祭神は一番町商店街の礎となった山家氏の祖 和霊神社:ファッション専門ビル、仙台フォーラス屋上に小さな社が建つ。ここには愛媛県宇和島市にある和霊神社の分霊が祭られている。元和元年(1615年)伊達政宗の長男秀宗が宇和島藩主となった際、政宗の家臣である山家清兵衛公頼が家老として支えた。しかし、藩財政立て直しに尽力するも、政敵の陰謀もあり殺害される。その後、清兵衛のたたりと恐れられる怪事件が相次ぎ、秀宗は清兵衛の霊を慰める和霊神社を建立した。時代は維新後の明治5年、広瀬通そばの東一番町に屋敷を構えていた清兵衛の子孫、豊三郎は邸内に小さな店舗十数件を建てて貸し出し、さらに敷地内に祭ってあった和霊神社の祭礼を催した。これが商店街としての東一番町の始まりと言われる。

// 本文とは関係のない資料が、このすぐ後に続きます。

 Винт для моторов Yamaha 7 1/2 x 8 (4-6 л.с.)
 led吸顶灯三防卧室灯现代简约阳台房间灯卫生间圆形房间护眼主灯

老舗でパートの屋上で幸運を見守る 藤崎えびす神社:海のかなたの宝船に乗り合わせて到来し、私たちに幸運をもたらすといわれる七福神。その中で商売繁盛、除災招福の神としてしられるのが恵比寿様だ。仙台のデパートとして親しまれてきた藤崎は、文政2年(1819年)呉服商として創業した。その時の屋号は「得可壽(えびす)屋」で、商標にも立ち姿のえびす像が採用された。いずれもえびす神にあやかろうとしたものと考えられている。昭和7年の大増築の際、氏神としてあがめていたえびす様を兵庫県の西宮神社から勧請し今日に至っている。1月4日から7日には奥州仙臺七福神の出開帳が七階の催事場で開催される。一度に七福神巡りができるいい機会だ。